The good parts are good. I dig that in a game that presents Jedi warriors and dudes with vibroblades and smugglers with guns and some butch lady with a staff as equals, they actually give you reasons that it should be the case within relative 'power levels,' to use a term I hate. I'll talk about this later. Atton's resilience and his ability to kill Jedi by creating impassable walls of emotions, which are Echani combat methods - something Kreia, interestingly enough, had no problem bypassing - helps give you logical connectivity to how he can be so skilled.

And, in his case, it also sent him down this extremely fucked up path where he was burying himself deeper and deeper in murdering/capturing Jedi to be broken and turned into Sith soldiers. And because of that experience, he's a powerful ally (if not entirely trustworthy). You get all the fun Han Solo-isms with a backstory of how he's a trained Jedi assassin, thus facilitating how he's got backstab scores in-game, and out of game explaining how he's so helpful to your cause. The game and the story work harmoniously together to show you who Atton is, and it's great.
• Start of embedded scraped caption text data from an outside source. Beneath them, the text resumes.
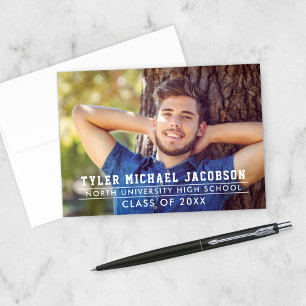 Modern Class of 2026 Custom Graduation Photo Thank Thank You Card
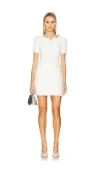 Self-portrait Mini Dress With Knit Tweed Texture And Crystal Accents In White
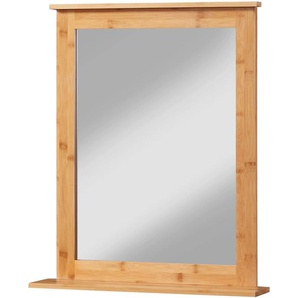 Badspiegel WELLTIME Bambus New Spiegel Gr. B/H/T: 58 cm x 70 cm x 12 cm, beige (natur) Badspiegel Badezimmerspiegel mit Bambus-Rahmen, eckig 58x70cm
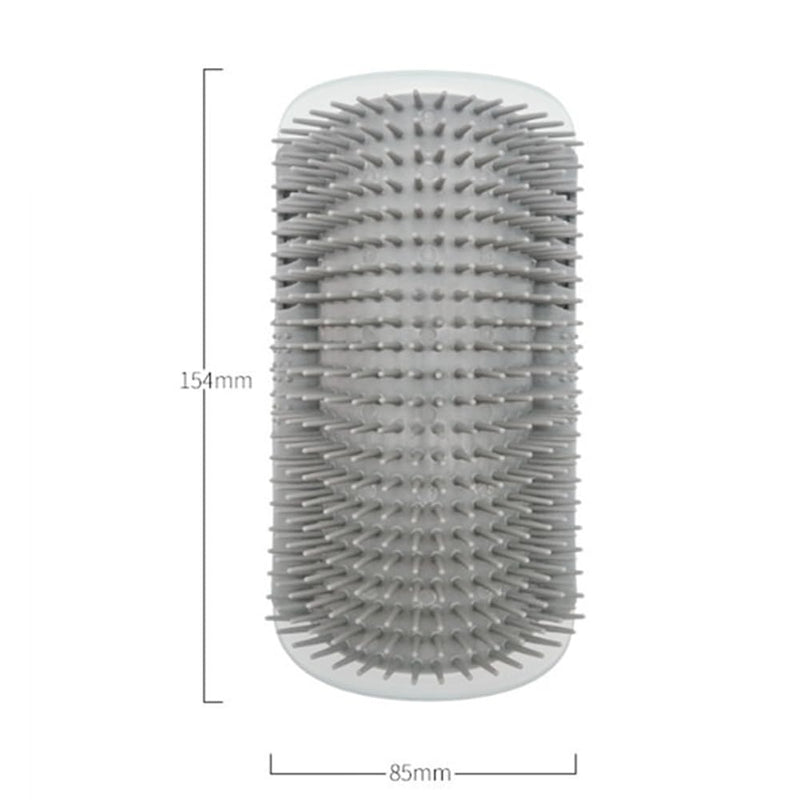 Cat Self Groomer Wall Corner Massage Comb Grooming Brush Soft Rubber Bristles Kitten Massager Tool Fit for Flat Wall Corner Cage and Hand Hold (Gray) Gray - PawsPlanet Australia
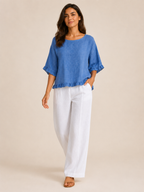 Sorellena - Dames Blouse Met Ronde Hals En Rafelranden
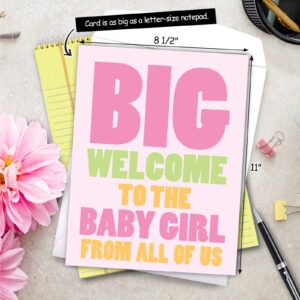 NobleWorks, Hilarious New Baby Congratulations Card, Pregnancy Notecard w/Envelope, From All of Us (8.5 x 11 Inch), New Baby Girl J6855BBG-US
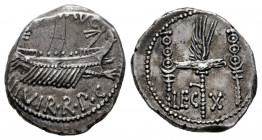 Mark Antony. Denarius. 32-31 BC. Mint moving. (Ffc-43). (Craw-544/24). (Cal-190). Anv.: (ANT). AVG. III. VIR. R.P.C. praetorian galley right. Rev.: LE...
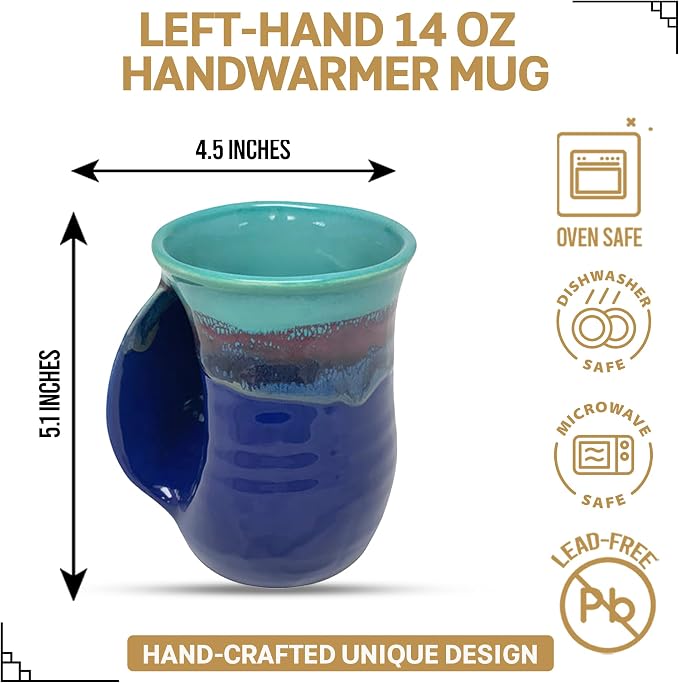 Clay in Motion Hand Warmer Coffee Mug – Handmade Coffee Mug With Comfortable Handle Contoured Pocket Hand Warming Ceramic Coffee Mug – Proudly Made in USA – Left Handed – 14 Oz - Mystic Waters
The downside of this is that the end of his story arc is pretty...goofy. Like, I understand the intent - a woman Jedi tried to save his life by showing him the Force, and he responded with violence and murder because he understood nothing else, and that choice he made hurt him so badly it sent him down a path of self-loathing and depression that gave him his false bravado you see as his Han Solo wit. But man, every time I try to get through it, the weird structure and delivery on "I thought I would love to kill her, but in the end, I killed her because I loved her."

It does make sense when you think about it, since only afterwards could he realize he loved someone and his reaction was based in fear, but man it took me a while to unfold that from the line itself. It just sounds really silly.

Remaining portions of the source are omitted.